International Master Marc Esserman, author of the 2012 book Mayhem in the Morra!, is one of the leading advocates of the opening. In the Chessable Masters tournament in April 2023, Hikaru Nakamura played it in two rapid games against Fabiano Caruana, winning one and losing the other.

==Themes for White==
In return for the sacrificed pawn, White acquires a number of benefits that can be used to create active plans:
- Active development and quick castling. White's development scheme usually (but not always, as the Siberian trap demonstrates) consists of Nf3, Bc4, 0-0, Qe2, Rfd1, and Rac1 in some order.
  - Additionally, the Bc1 will often develop to g5 when Black plays ...Nge7 to make it difficult for Black to continue developing without weakening the kingside slightly by ...h6 or ...f6.
- Prevention or delay of Black's castling. This can open the door for powerful sacrificial ideas which, when correctly timed, can devastate the Black king:
  - When Black's king is uncastled, the sacrifice Nd5! is especially powerful with a Black pawn on e6, as the recapture ...exd5 would allow White to open the e-file for the White rook or queen. In two notable games, Esserman defeated GM Loek van Wely and GM Dommaraju Gukesh using this sacrifice.
  - Another idea is Nxb5! with Black pawns on a6 and b5. Although not as common as Nd5!, it is possible in some lines like the Chicago Defence when Black is slow to castle. Occasionally, it is even possible when Black is castled if White's tactics on the queenside justify it.
  - The sacrifice Bxe6! is typical for Sicilian positions and can sometimes occur here as well.
- Pressure down the c- and d-files, usually achieved with rooks on c1 and d1.
- A long-lasting initiative that can be used to create a kingside attack.
To survive against a well-prepared White player, Black must first navigate the minefield of traps in the opening, then contend with White's long-term pressure and initiative. If Black manages to do this while holding on to the extra pawn, Black will have good chances to win the ensuing endgame. This is not easy, however, and many Sicilian players opt to decline the gambit altogether.
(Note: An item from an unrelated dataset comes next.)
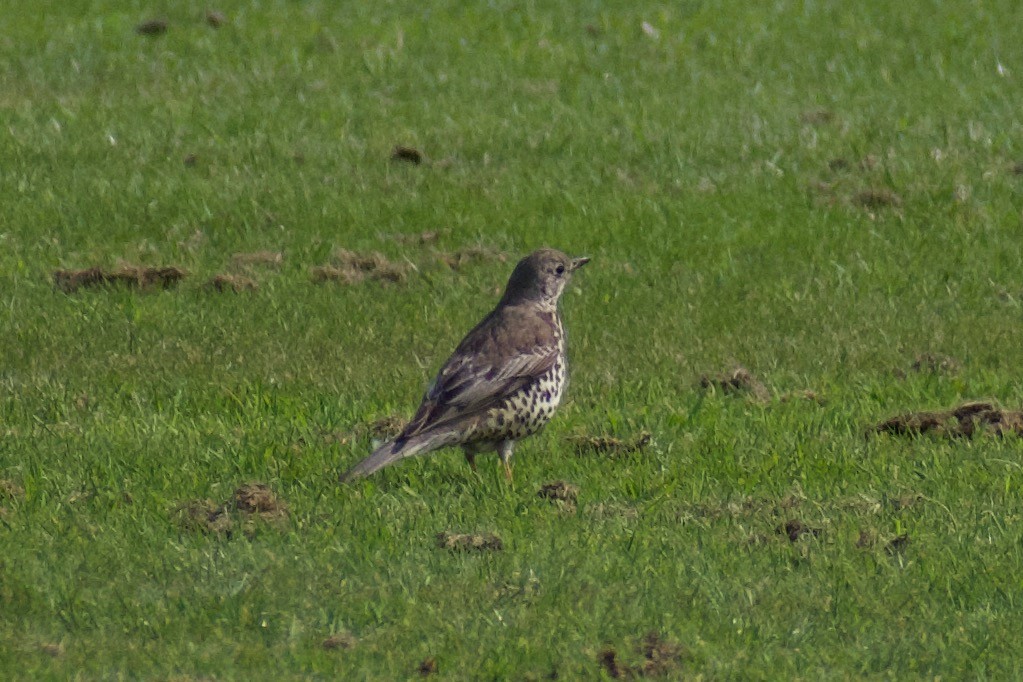 Mistle Thrush - ML616928728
==Morra Gambit Accepted: 3...dxc3 ==

===4.Nxc3===
==== Scheveningen Formation ====
- Classical Main line: 4...Nc6 5.Nf3 d6 6.Bc4 e6 7.0-0 Nf6 8.Qe2 Be7 9.Rd1 e5 10.h3 or 10.Be3
- Scheveningen setup: 4...Nc6 5.Nf3 d6 6.Bc4 e6 7.0-0 Nf6 (or Be7) 8.Qe2 a6 9.Rd1 Qc7 (probably inferior Qa5) 10.Bf4 (10.Bg5) Be7
- Siberian Variation: 4...Nc6 5.Nf3 e6 6.Bc4 Nf6 and 7...Qc7, with the idea being after 7.0-0 Qc7 8.Qe2 Ng4!, 9.h3?? loses to the famous "Siberian Trap" 9...Nd4!, winning the queen. If instead White plays 9.Rd1, preventing 9...Nd4, Black can continue with 9...Bc5 with a clearly better game.

==== Paulsen Formation ====
- 4...Nc6 (or 4...e6) 5.Nf3 e6 6.Bc4 a6 (Nge7) 7.0-0 Nge7 (d6 8.Qe2 Nge7 9.Bg5 h6) 8.Bg5 f6 9.Be3

==== Kan Formation ====
- 4...e6 5. Nf3 a6

==== Larsen Defense ====
- 4...Nc6 5. Nf3 e6 6. Bc4 Qc7 7. Qe2 a6 8. O-O Bd6

==== Morphy Defense ====
- 4...Nc6 5. Nf3 e6 6. Bc4 Bc5

==== Morphy Defense Deferred ====
- 4...Nc6 5.Nf3 e6 6.Bc4 a6 7.O-O b5 8.Bb3 Bc5

==== Pin Defense ====
- 4...Nc6 5.Nf3 e6 6.Bc4 Bb4

==== Sozin Formation ====
- 4...Nc6 5.Bc4 e6 6.Nf3 d6 7.O-O a6 8.Qe2 b5

==== Taimanov Formation ====
- 4...e6 5.Bc4 a6 6.Nf3 Ne7

==== Classical Formation ====
- 4...Nc6 5.Nf3 d6 6.Bc4 a6 eventually 7...Bg4

==== Fianchetto Formation ====
- Fianchetto: 4...g6 (4...Nc6 5.Nf3 g6 allows 6.h4!?) 5.Nf3 Bg7 6.Bc4 Nc6

==== Chicago Defense ====
- 4...d6 5. Nf3 e6 6. Bc4 Nf6 7. O-O a6
- 4...e6 5.Bc4 a6 6.Nf3 b5 7.Bb3 d6 8.0-0 and Black plays ...Ra7 at some stage
- Early queenside fianchetto: 4...e6 5.Bc4 a6 6.Nf3 b5 7.Bb3 Bb7
- 4...Nc6 5. Bc4 e6 6. Nf3 d6 7. O-O a6 8. Qe2 b5 9. Bb3 Ra7

==== Finegold Defense ====
- 4...d6 5. Nf3 e6 6. Bc4 Nf6 7. 0-0 Be7 8. Qe2 a6

===4.Bc4 or 4.Nf3===
This line is similar to the Danish Gambit: 4...cxb2 5.Bxb2

==Morra Gambit Declined==
- Advance (or Push) Variation: 3...d3
  - Dubois Variation 4.c4
- Alapin Variation: 3...Nf6 4.e5 Nd5
- Scandinavian Formation: 3...d5 4.exd5 Qxd5 (Nf6) 5.cxd4
- Center Formation: 3...e5
- Wing Formation: 3...Qa5

==See also==
- Another anti-Sicilian gambit is the Wing Gambit (1.e4 c5 2.b4).